What you have to do | What you need to produce from the material below is an exact transcription of the lines from the one with "Hong Kong blaze" through the one with "EGLO Fueva 5", both included, and no other line.
[[ Data records, beginning ]]
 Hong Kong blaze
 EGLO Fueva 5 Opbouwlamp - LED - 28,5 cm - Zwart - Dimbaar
[[ Data records, end ]]
[[ Data records, beginning ]]
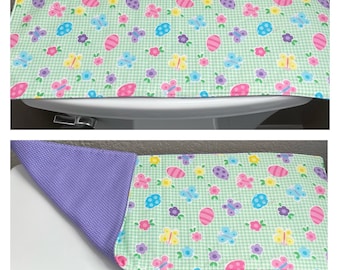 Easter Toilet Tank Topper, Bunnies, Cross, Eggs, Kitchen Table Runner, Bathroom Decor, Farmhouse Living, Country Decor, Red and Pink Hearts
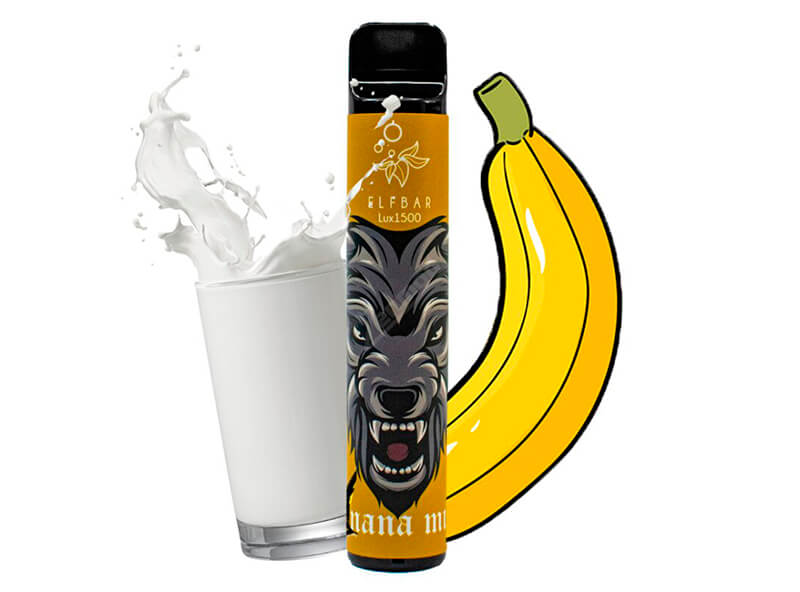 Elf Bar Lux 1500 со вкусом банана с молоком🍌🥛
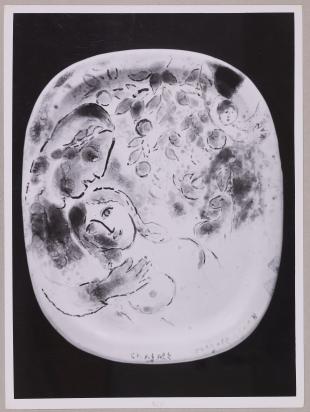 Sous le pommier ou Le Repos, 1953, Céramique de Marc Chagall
[[ Data records, end ]]
[[ Data records, beginning ]]
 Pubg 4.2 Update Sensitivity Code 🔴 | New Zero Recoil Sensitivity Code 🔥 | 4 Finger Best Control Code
[[ Data records, end ]]
Exercise solution |
 Hong Kong blaze
 EGLO Fueva 5 Opbouwlamp - LED - 28,5 cm - Zwart - Dimbaar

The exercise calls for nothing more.